Knowledge Discovery for Patient Survival in a Clinical Discharge Dataset Using Causal Graph Ontological Framework

Abstract

Knowledge mining from clinical datasets is a critical task in healthcare as well as other fields. While the existing methods, such as randomized controlled trials (RCT) and other automatic machine extraction, have been helpful, they have become increasingly insufficient to keep pace with time, and robust models are required for clinical decisions. In this paper, we present a new method to address this challenge by using the Causal graph ontological model. Our study used a semi-structured textual clinical discharge dataset from the Statewide Planning and Research Cooperative System (SPARCS) to design and validate the patient survival rate assumptions from the dataset.
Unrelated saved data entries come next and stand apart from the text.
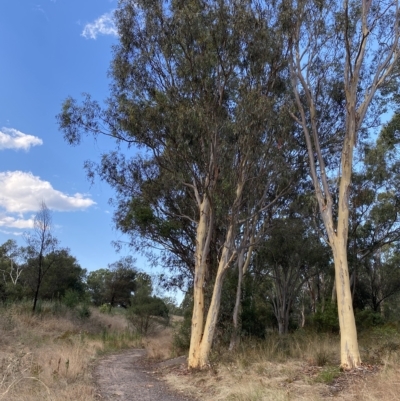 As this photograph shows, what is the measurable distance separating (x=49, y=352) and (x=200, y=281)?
5.28 metres

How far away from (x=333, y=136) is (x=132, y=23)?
8142 millimetres

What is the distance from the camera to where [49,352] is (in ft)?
43.5

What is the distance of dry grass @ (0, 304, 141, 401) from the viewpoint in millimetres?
7730

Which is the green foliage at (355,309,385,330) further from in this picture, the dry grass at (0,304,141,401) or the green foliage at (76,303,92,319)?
the green foliage at (76,303,92,319)

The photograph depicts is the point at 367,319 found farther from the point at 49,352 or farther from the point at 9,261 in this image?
the point at 9,261

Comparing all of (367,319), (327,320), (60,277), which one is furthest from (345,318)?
(60,277)

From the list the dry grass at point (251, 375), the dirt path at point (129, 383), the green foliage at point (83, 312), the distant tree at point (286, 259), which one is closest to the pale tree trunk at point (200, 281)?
the dry grass at point (251, 375)

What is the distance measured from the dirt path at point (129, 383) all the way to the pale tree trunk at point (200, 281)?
1.43m

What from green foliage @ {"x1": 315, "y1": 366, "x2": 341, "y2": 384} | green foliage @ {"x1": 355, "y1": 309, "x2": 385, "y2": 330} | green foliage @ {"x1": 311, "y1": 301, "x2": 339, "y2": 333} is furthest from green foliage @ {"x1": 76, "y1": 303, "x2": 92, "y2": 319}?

We extracted the clinical information and organized it according to medically relevant fields for decision-making (Diseases, confounders, treatment, and the survival rate). The initial assumptions model was validated using the conditional independent test (CIT) criteria. The outputs of the LocalTest validation showed that the conceptual assumptions of the causal graph hold since the Pearson correlation coefficient ranges between -1 and 1, the p-value was (>0.05), and the confidence intervals of 95% and 25% were satisfied. Furthermore, we used Shapley values to perform sensitivity analysis on the features. Our analysis showed that two variables, such as gender and diseases, contributed little to the survival rate prediction. Our study concludes that the combination of causal graph ontological framework and sensitivity analysis to discover knowledge from the clinical text could help improve the quality of clinical decisions in the text, remove bias in the assumption in medical applications, and serve as a premise for modelling causal data for natural Language machine learning predictions.